Records for processing:
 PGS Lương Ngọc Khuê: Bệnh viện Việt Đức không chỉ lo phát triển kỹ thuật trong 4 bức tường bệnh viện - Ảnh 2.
* * *
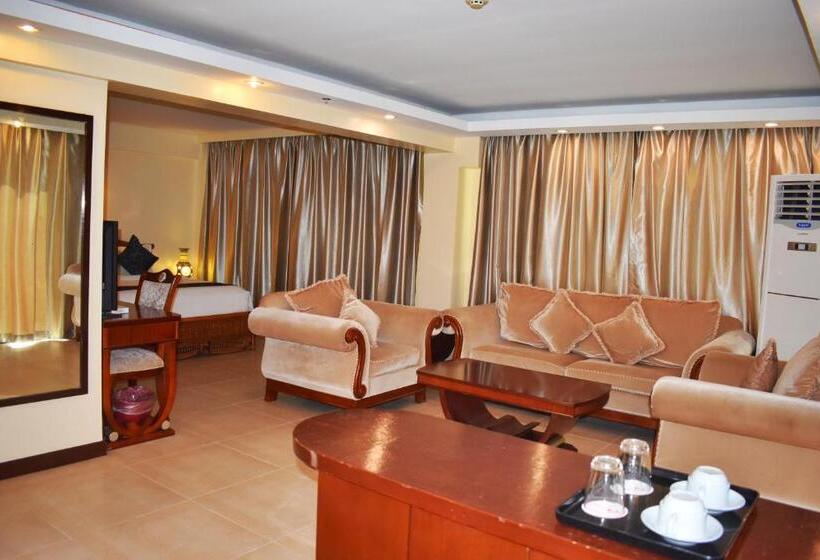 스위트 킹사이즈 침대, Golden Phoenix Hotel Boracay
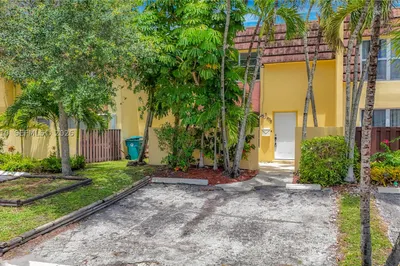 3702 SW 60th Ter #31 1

Exercise brief: Look through the material above. Transcribe exactly the lines between the ones with "스위트 킹사이즈 침대, Golden Phoenix Hotel Boracay" and "3702 SW 60th Ter #31 1", inclusive, and keep pictures out.

Output for this exercise:
 스위트 킹사이즈 침대, Golden Phoenix Hotel Boracay
 3702 SW 60th Ter #31 1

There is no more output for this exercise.